● Exercise brief:
The lines below, beginning at the one that contains "145 Sunstone Way, Balzac, Alberta" and ending at the last, are to be retyped exactly.

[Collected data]

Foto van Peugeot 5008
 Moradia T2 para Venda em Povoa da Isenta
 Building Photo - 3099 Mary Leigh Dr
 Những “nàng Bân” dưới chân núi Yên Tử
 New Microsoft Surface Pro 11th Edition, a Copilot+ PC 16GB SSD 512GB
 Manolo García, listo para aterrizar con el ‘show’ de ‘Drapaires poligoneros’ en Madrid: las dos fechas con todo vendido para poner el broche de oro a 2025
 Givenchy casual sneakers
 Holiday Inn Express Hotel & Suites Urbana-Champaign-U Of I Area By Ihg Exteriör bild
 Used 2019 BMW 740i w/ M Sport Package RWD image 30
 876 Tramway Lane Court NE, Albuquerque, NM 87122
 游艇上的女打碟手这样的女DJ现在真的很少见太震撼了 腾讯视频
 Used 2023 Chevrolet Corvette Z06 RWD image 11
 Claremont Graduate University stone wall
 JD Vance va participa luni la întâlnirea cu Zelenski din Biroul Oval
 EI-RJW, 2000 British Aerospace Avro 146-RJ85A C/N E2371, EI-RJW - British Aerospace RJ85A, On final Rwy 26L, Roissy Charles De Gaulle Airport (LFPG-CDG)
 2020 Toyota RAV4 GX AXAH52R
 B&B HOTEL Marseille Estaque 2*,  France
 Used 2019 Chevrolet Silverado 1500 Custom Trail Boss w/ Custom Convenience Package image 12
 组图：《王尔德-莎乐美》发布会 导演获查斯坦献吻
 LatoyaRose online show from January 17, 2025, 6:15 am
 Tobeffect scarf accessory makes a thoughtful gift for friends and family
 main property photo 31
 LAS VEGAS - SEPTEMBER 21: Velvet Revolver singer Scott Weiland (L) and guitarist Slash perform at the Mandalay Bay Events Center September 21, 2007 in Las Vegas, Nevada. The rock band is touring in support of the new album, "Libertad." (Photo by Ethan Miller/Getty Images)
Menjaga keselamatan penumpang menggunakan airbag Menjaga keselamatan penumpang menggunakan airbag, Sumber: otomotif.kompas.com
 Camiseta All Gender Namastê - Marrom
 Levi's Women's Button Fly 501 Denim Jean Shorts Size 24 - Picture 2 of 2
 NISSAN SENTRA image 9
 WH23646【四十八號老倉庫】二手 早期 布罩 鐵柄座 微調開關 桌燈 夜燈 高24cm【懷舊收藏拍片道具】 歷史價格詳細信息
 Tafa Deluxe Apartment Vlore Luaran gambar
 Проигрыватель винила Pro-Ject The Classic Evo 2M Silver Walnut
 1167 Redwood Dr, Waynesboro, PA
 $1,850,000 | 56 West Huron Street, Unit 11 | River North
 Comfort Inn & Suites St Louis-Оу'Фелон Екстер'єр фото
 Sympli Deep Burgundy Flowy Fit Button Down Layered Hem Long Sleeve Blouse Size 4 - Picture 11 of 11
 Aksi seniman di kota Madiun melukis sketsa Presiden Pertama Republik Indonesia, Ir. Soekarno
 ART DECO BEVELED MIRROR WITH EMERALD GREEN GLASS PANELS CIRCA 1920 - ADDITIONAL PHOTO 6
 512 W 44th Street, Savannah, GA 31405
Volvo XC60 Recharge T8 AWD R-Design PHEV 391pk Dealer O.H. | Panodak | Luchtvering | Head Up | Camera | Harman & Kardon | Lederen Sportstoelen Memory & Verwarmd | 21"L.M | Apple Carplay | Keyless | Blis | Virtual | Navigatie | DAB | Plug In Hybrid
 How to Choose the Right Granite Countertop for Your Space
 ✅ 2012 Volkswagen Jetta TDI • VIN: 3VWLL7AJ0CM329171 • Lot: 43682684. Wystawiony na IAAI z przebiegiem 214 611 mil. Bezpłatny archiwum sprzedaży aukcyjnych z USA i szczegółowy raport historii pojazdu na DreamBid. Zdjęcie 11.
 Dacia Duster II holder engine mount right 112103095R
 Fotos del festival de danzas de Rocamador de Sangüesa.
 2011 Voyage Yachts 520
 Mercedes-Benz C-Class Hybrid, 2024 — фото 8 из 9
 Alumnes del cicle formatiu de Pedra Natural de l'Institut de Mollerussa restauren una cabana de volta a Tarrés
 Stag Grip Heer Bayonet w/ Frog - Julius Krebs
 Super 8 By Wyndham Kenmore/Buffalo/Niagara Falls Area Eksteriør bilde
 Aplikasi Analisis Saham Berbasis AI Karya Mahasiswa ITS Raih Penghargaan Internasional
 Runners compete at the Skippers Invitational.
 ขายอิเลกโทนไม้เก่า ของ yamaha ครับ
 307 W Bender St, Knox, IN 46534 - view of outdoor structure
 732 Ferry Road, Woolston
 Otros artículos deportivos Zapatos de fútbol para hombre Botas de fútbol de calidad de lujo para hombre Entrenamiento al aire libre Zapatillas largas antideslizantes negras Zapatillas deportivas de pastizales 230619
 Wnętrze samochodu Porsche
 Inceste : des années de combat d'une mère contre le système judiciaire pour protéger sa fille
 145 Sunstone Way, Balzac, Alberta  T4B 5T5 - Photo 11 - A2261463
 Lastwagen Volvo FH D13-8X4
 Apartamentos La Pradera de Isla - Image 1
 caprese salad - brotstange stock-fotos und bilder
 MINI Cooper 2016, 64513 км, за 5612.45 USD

● Answer box:
 145 Sunstone Way, Balzac, Alberta  T4B 5T5 - Photo 11 - A2261463
 Lastwagen Volvo FH D13-8X4
 Apartamentos La Pradera de Isla - Image 1
 caprese salad - brotstange stock-fotos und bilder
 MINI Cooper 2016, 64513 км, за 5612.45 USD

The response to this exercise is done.